Sparsity involves effectively placing zeros into a set of weights of an artificial intelligence (AI) model. Sparsity can reduce the number of multipliers significantly in an AI model, or alternately, increase the performance of an AI model with the same number of multipliers. In a field programmable gate array (FPGA), routing to multipliers is typically a critical resource, often the most critical resource.
In 4:2 structured sparsity, 2 out of every 4 weights in an AI model are zeroed via retraining. An FPGA can implement 4:2 structured sparsity using tensor circuit blocks supported by multiplexers in soft logic. However, using the most optimal structure supported by programmable logic blocks in an FPGA and packing with fractal synthesis may require a large amount of logic and routing wires. For example, a reduction in the amount of digital signal processing (DSP) blocks may be offset by a corresponding increase in the resources (e.g., routing) used to implement structured sparsity.
According to some examples disclosed herein, a tensor circuit block is provided that uses structured sparsity for performing matrix calculations. The tensor circuit block stores activations from an activation matrix in registers. Weights from a structured sparse weight matrix are streamed into the tensor circuit block in real time through inputs without being stored in the tensor circuit block.

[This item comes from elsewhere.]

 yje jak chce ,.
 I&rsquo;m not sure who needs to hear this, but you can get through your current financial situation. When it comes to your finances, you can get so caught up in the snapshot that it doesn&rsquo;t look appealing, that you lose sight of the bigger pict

The tensor circuit block applies sparsity indices to the activations stored in the registers. The tensor circuit block includes multiplexer circuits that align the activations with the weights using the sparsity indices. The tensor circuit block includes multipliers that multiply the weights by the activations to generate products that are summed together by a summation block.
In some implementations, a tensor circuit block is configurable to function in a dense mode or in a sparse mode. In the dense mode, the tensor circuit block multiplies weights from a weight matrix that are dense by activations from an activation matrix. In the sparse mode, the tensor circuit block multiplies weights from a weight matrix that are sparse by activations from an activation matrix. In these implementations, the tensor circuit block can have different sets of multiplexer circuits that make the dense and sparse modes interchangeable.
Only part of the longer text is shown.